The Drunken Vegan, a.k.a. Patrick J. Hurley, is a full-time barman at the Civil Life Brewing Company and cocktail enthusiast about town. He's an unapologetic drunkard, a vegan and a bon vivant, and, no, he doesn't think those last two terms contradict each other.
In the winter, especially during the holiday season, cocktails grow rich and heavy to fortify drinkers against the cold. Ingredients like butter, cream and whole eggs start finding their way into your cup of cheer. Must the vegan tippler be relegated to the corner, sipping resentfully at a bonded bourbon? Not if you use a little imagination. Even the season's most famous (and most non-vegan) drink can be nicely approximated.
See also: Banter and Cocktails at the Gin Room
Dedicated nog-heads may be shaking their heads, saying, "You've gone too far this time, Drunken Vegan. Some things are sacred." But here's the thing: eggnog doesn't taste like egg. Eggnog's rich and creamy and boozy and spicy. The key is to come up with a concoction that balances all those elements, without turning to the dairy or the henhouse.

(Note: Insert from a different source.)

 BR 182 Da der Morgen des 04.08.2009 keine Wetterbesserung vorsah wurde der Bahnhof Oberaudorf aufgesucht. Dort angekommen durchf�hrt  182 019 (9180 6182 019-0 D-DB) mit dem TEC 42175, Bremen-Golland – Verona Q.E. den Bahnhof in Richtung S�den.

America's first nationally celebrated bartender Jerry Thomas supposedly perfected a famous eggnog called Tom and Jerry while working at the old Planter's House bar right here in St. Louis in the mid-nineteenth century. It involves whisking egg whites "to a stiff froth" and beating yolks "until they are as thin as water," making a batter and mixing that with booze and spice and boiling water. Alas, not much time for chitchat at the holiday party if you're bent over a copper bowl of egg whites all night.
There is a surprisingly simple vegan solution. Nothing else in the plant-based world beats coconut milk when it comes to a rich and creamy cocktail ingredient. For each nog (skeptics need not say that there's no such thing as a vegan nog; the word means "strong ale," according to the OED), you will need four ounces of good coconut milk. If you can find Arroy-D brand (sold at many Asian markets), use it. Add a teaspoon of raw sugar and a pinch each of cinnamon, allspice, ground clove and ground ginger. Heat the spiced coconut milk then add it to an ounce each of good dark rum and brandy. Grate a little nutmeg on top.
It doesn't taste like coconut, or egg for that matter. It's rich and creamy and boozy and spicy. Take the money you saved on free-range eggs and organic cream and spend it on some vintage nog mugs. And since you won't be beating egg whites into a stiff froth all night, you can hang out under the mistletoe, lips sweetened with rum and spice and a warm glow in your belly.